They can be deployed by air and they contain little
detectable metal. Other mines are large enough to stop a
tank and kill everyone in it.
Of course no one keeps track of the locations of all that
potential death and dismemberment. And very few mines
actually serve the armies that deploy them. Most linger
for decades, maiming and killing children and other
innocents, long after the cause of war is forgotten.
Meanwhile, engineers struggle to create means for
locating the damnable things. Conventional magnetic metal
detectors become useless against increasingly innovative
plastic construction. So we try to find them with X-ray
backscatter devices, ultrasound, infrared, and more. We
develop techniques of aerial detection.
A terrible Catch-22 lurks in all this: Research into mine
detection may benefit civilians. But improved detection
also serves soldiers on the battlefield. So the old
equation of offense versus defense comes into play. As
fast as better detection systems come into being, they'll
be matched by mines that are harder to detect.

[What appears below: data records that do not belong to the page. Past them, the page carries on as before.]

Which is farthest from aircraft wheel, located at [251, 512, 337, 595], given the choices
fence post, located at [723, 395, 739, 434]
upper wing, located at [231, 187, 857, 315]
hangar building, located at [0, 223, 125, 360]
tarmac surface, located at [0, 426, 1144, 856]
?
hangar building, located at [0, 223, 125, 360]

And land mines will keep savaging civilians. It's become
the way of modern war. The whole terrorist movement is
nothing more than cynical acknowledgment of a simple
truth: War is no longer about soldiers going after other
soldiers. It has turned into a matter of taking pain and
death straight to noncombatants.
As the globe shrinks, civilians can no longer place
armies between themselves and the enemy. That became
clear as both sides tried to crush one another by bombing
civilians in WW-II. Like terrorism, that never worked.
But strategists still expect it to. And until they can be
convinced, the true death toll of war will keep reaching
far beyond armies. Now, with land mines, it'll keep
reaching beyond the very time of war -- as well.
I'm John Lienhard, at the University of Houston, where
we're interested in the way inventive minds work.